Essayband „Über Könige“: Die Widersacher des Monarchen
Marshall Sahlins und David Graeber untersuchen die Wirkmächtigkeit von Monarchien. Götter gab es demnach auch in atheistischen Gesellschaften.
Die Ethnologie ist eine hochpolitische Wissenschaft. Nicht allein weil sie in der Vergangenheit staatlichen und imperialen Rassismus legitimierte, sondern auch weil ihre Erkenntnisse Aufschluss über die Ursprünge von Ideen, Praktiken und Institutionen geben, auf denen moderne Staaten gründen.
David Graeber, 2020 früh verstorben, war ein besonders umtriebiger Vertreter seines Fachs. Der bekennende Anarchist und Anführer der Bewegung Occupy Wallstreet avancierte mit internationalen Bestsellern wie „Schulden – Die ersten 5.000 Jahre“ oder „Bullshit-Jobs“ zu einem Stichwortgeber der Linken.
Gemeinsam mit seinem einstigen Doktorvater Marshall Sahlins brachte Graeber 2017 einen Essayband heraus, der nun stark gekürzt bei Wagenbach auf Deutsch erscheint. „Über Könige“ ist der Versuch einer Archäologie der Souveränität, worunter Graeber die Macht versteht, unter Strafandrohung Befehle zu erteilen.
Er lehnt sich eng an Carl Schmitt an, der lehrte, souverän sei, wer über den Ausnahmezustand entscheide, also das Recht nicht nur setzen, sondern auch außer Kraft setzen könne. Auf Basis einer beeindruckenden Materialfülle versuchen er und Sahlins die Wurzeln dieser Idee aufzudecken und deuten ihre Genese bis zur Volkssouveränität in der Demokratie an.
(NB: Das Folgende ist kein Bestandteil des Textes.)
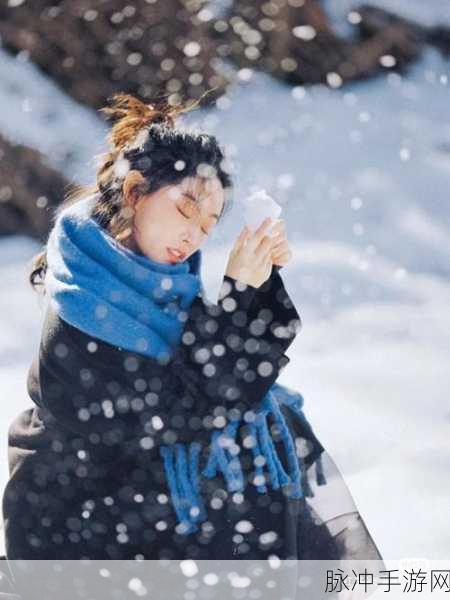 坤坤寒进开元里：坤坤寒进开元里：探索冬日里的温暖与魅力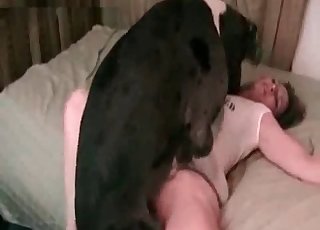 Her labia fucked by a big dog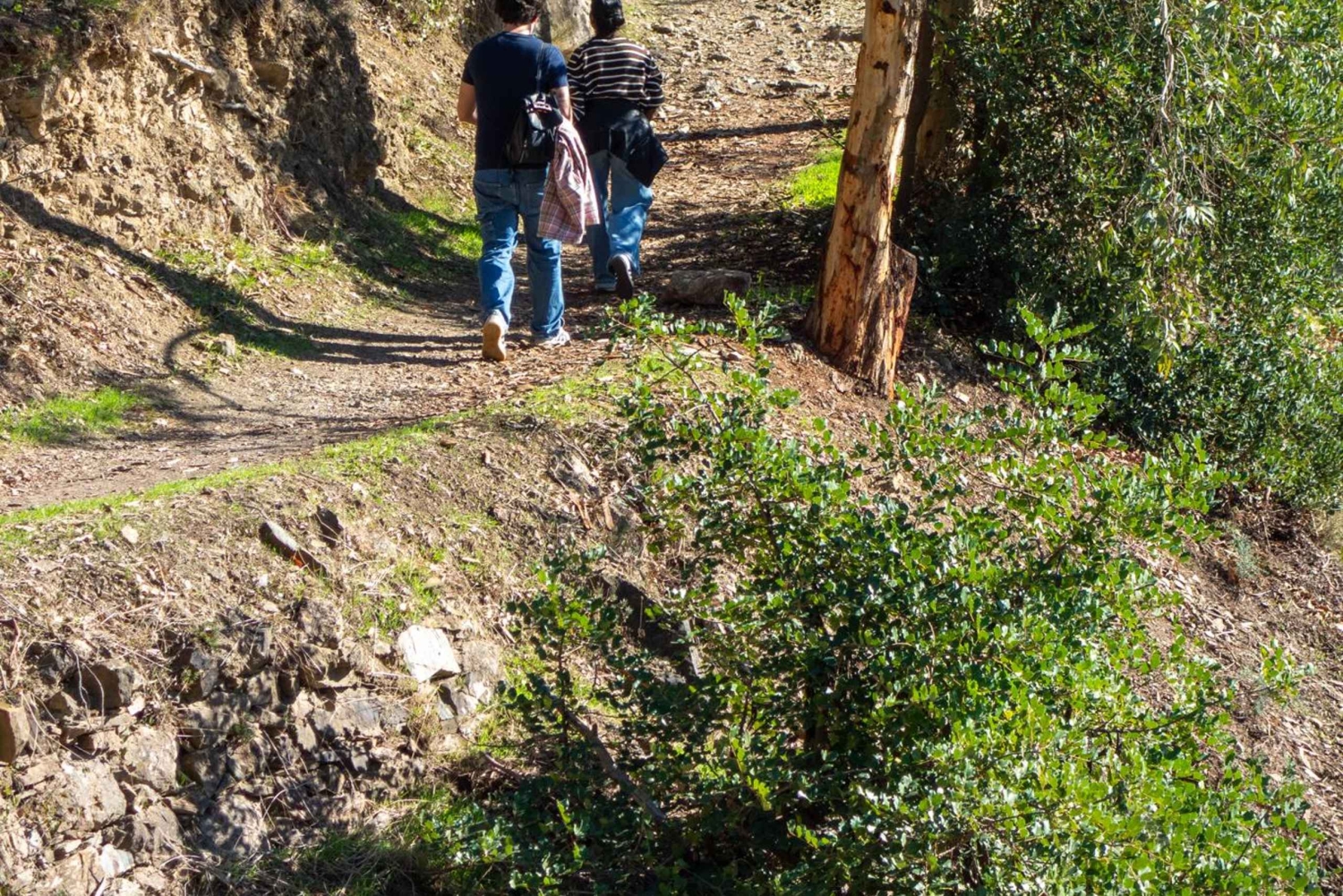 Málaga: City Hike in Málaga with Gibralfaro Mountain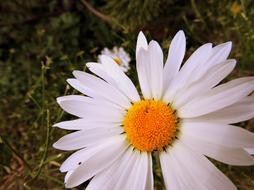 white Margaret Flower Beauty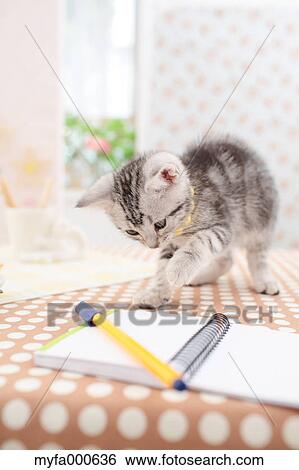 American Shorthair View Large Photo Image Stock Photograph - American Shorthair. Fotosearch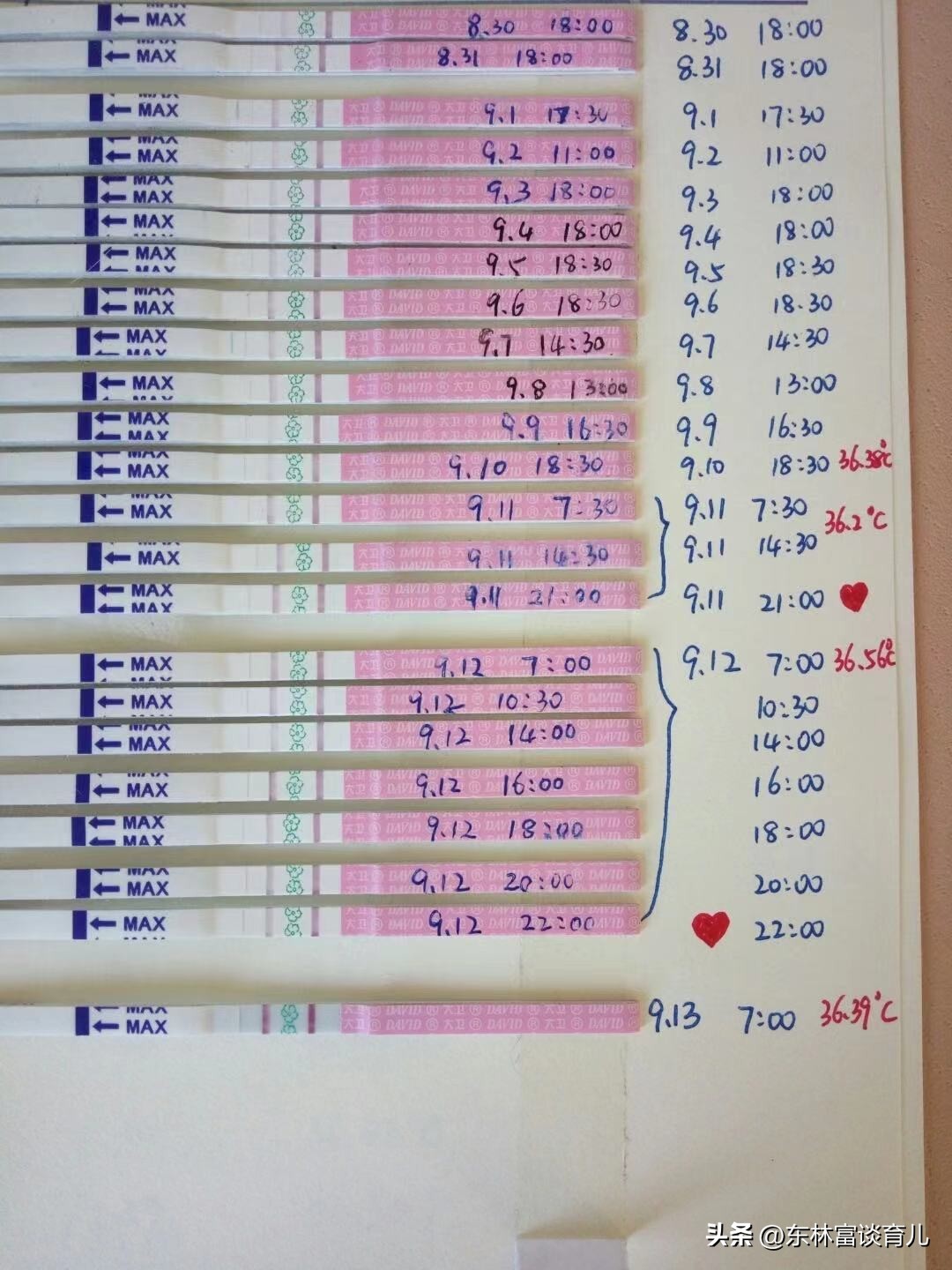 科学备孕测卵泡,科学备孕如何测精子活力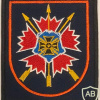 GRU Spetsnaz - 10th Special Purpose Brigade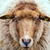 Netherland Sheep Live Wallpaper icon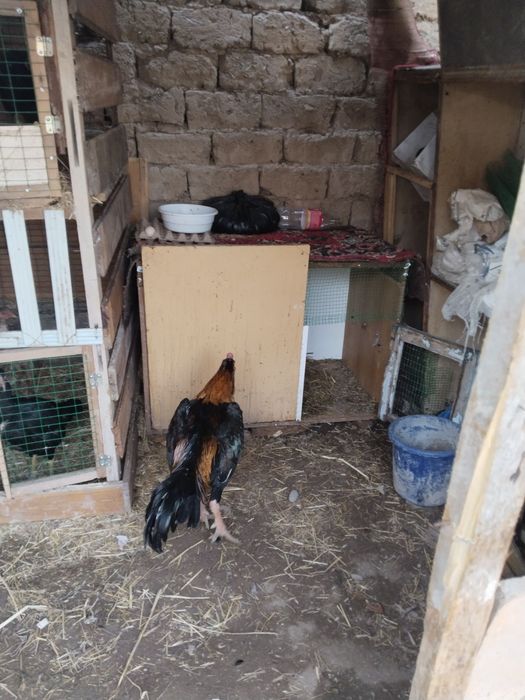 dakan horoz дакан хороз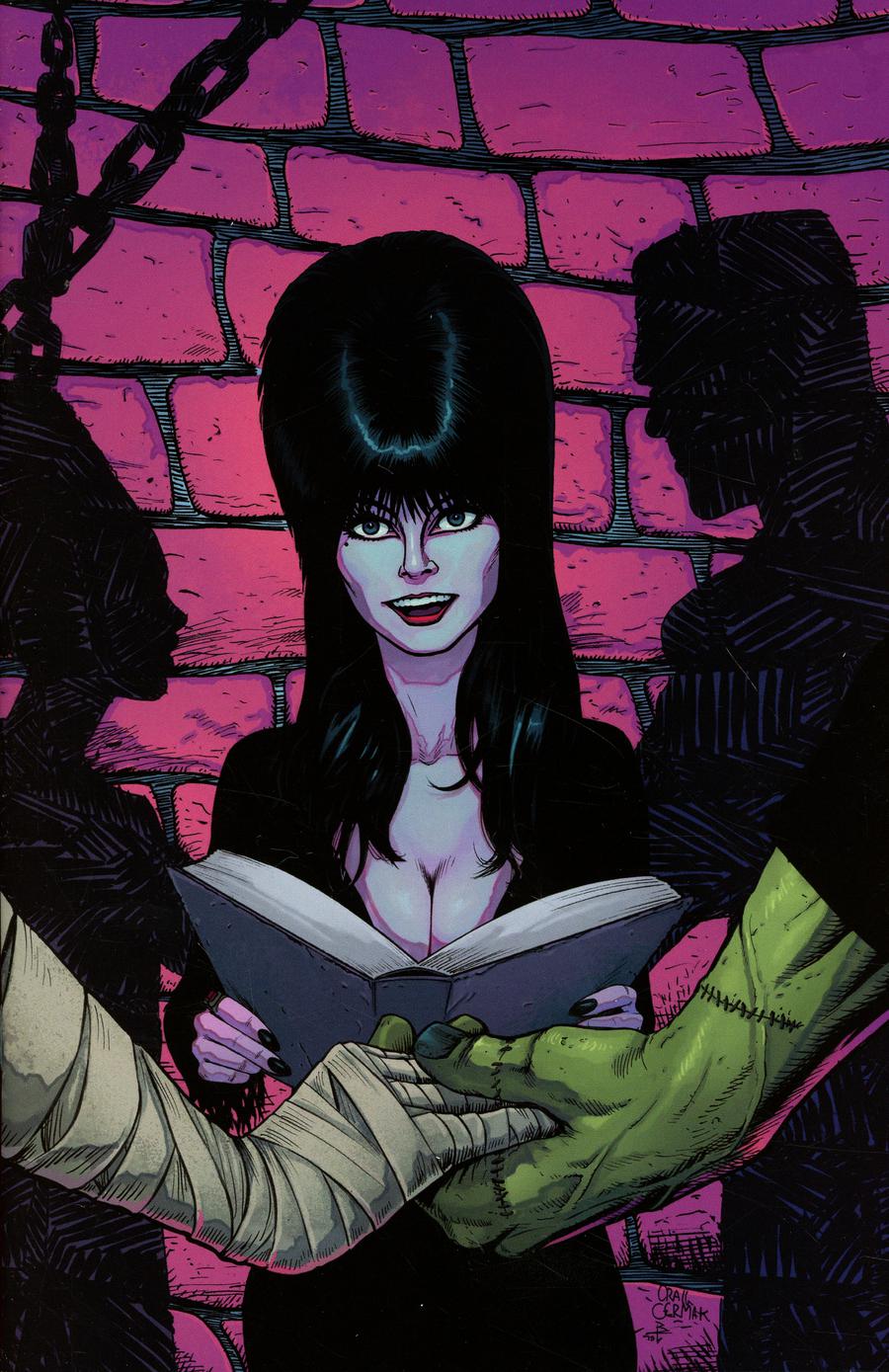 Elvira Mistress Of The Dark Vol 2 #4 Cover F Incentive Craig Cermak Virgin Cover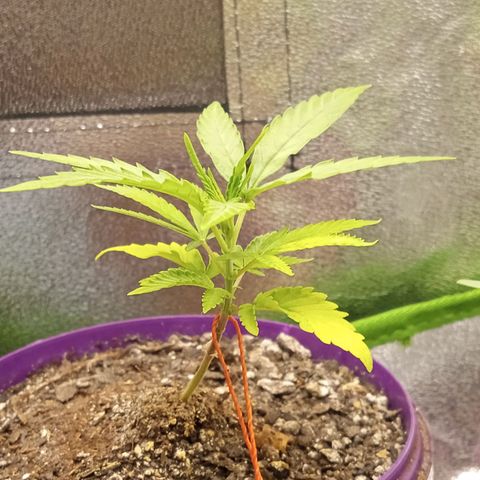 Seend Aleatória (Natural) growlog photo: Ótima recuperação / iniciando a 6 ramificações 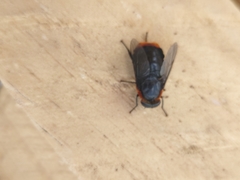 Osca lata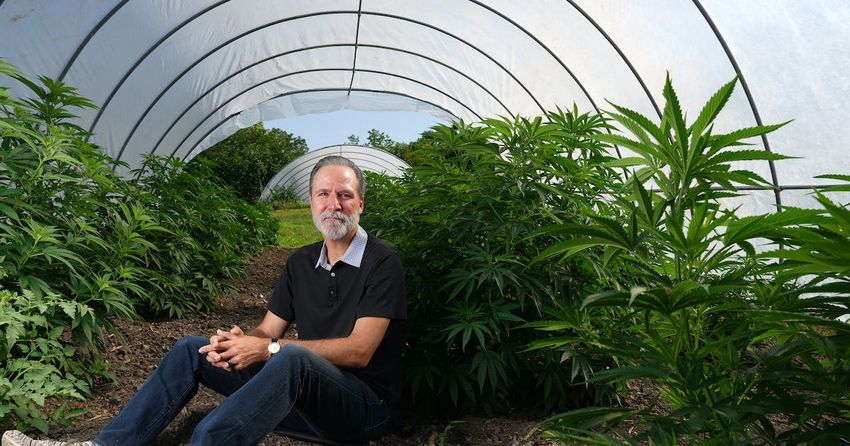  Minnesota’s marijuana market could be a boon for other industries, jobs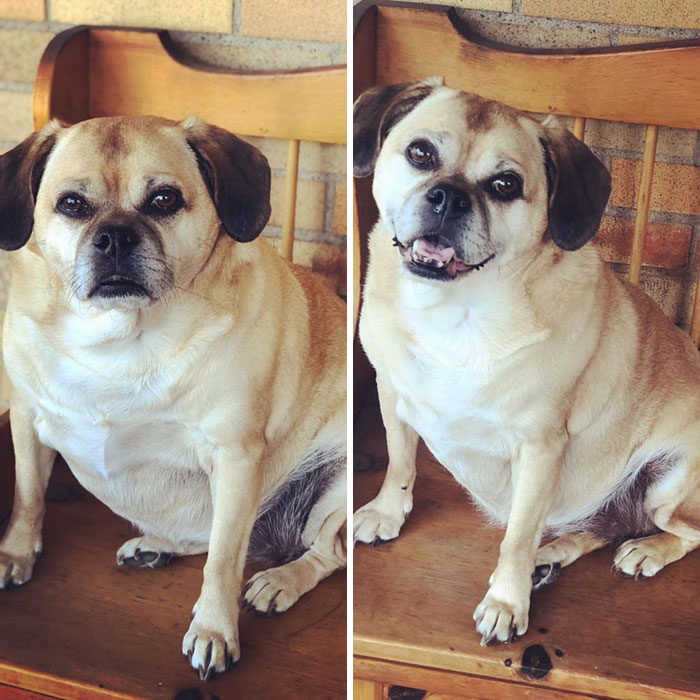 First Picture Is From May 2018 & The Second Is From Today. We’ve Been Trying To Get Weight Off Of Her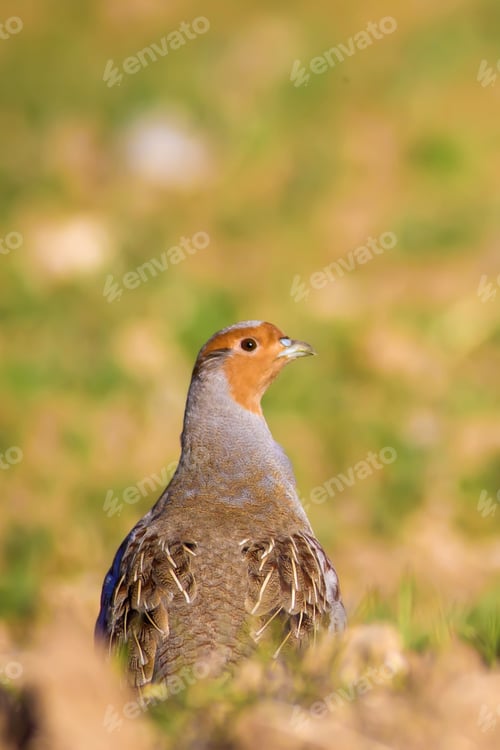Preview: Partridge. Nature Background. Bird: Grey Partridge. Perdix Perdix.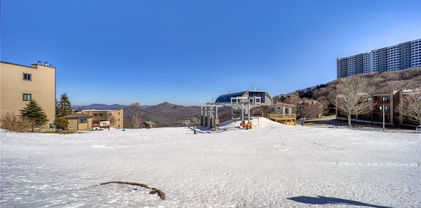 104 Sugar Ski Drive Unit 422, Sugar Mountain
Marshall Sahlins, David Graeber: „Über Könige. Versuche einer Archäologie der Souveränität“. Wagenbach, Berlin 2022, 160 Seiten, 24 Euro
Imitation göttlicher Hierarchie
Sahlins entwickelt zunächst die interessanteste These des Bands: Die gesellschaftliche Hierarchie sei eine Imitation der göttlichen. Damit widerspricht er der seit Durkheim verbreiteten Gewissheit, dass religiöse Ordnungen aus gesellschaftlichen abgeleitet wurden, oder – mit Marx gesprochen –, dass das Sein das Bewusstsein bestimme.
Laut Sahlins war es genau umgekehrt. Selbst in Kulturen, die kein Königtum kannten, wurden die Menschen von Göttern regiert. Sie waren die Herrscher, insofern sie willkürlich über Hunger, Krankheit und Naturkatastrophen entschieden. Wenn sich nun ein Königtum herausbildete, dann indem es die göttliche Ordnung auf Erden verdoppelte.
In der Folge beschreibt Graeber das Verhältnis zwischen Volk und König als fortwährenden Krieg. Während der König den kosmischen Vorbildern nacheifert und versucht, seine Macht über das Volk zu vergrößern, wehrt sich dieses, indem es das Oberhaupt mittels Tabus und Riten von der Gesellschaft entfernt und so seinen Einfluss schmälert.
In einem solchen Sakralkönigtum mag die Macht theoretisch total sein, sie findet ihre Grenzen aber zum Beispiel darin, dass der König weit von seinen Untertanen separiert wird und sie niemals zu Gesicht bekommen darf. Selbst Königsmorde sind in diesen Systemen üblich, sofern der Monarch seinen Gottstatus nicht mit militärischen Siegen oder reichen Ernten unter Beweis stellen kann.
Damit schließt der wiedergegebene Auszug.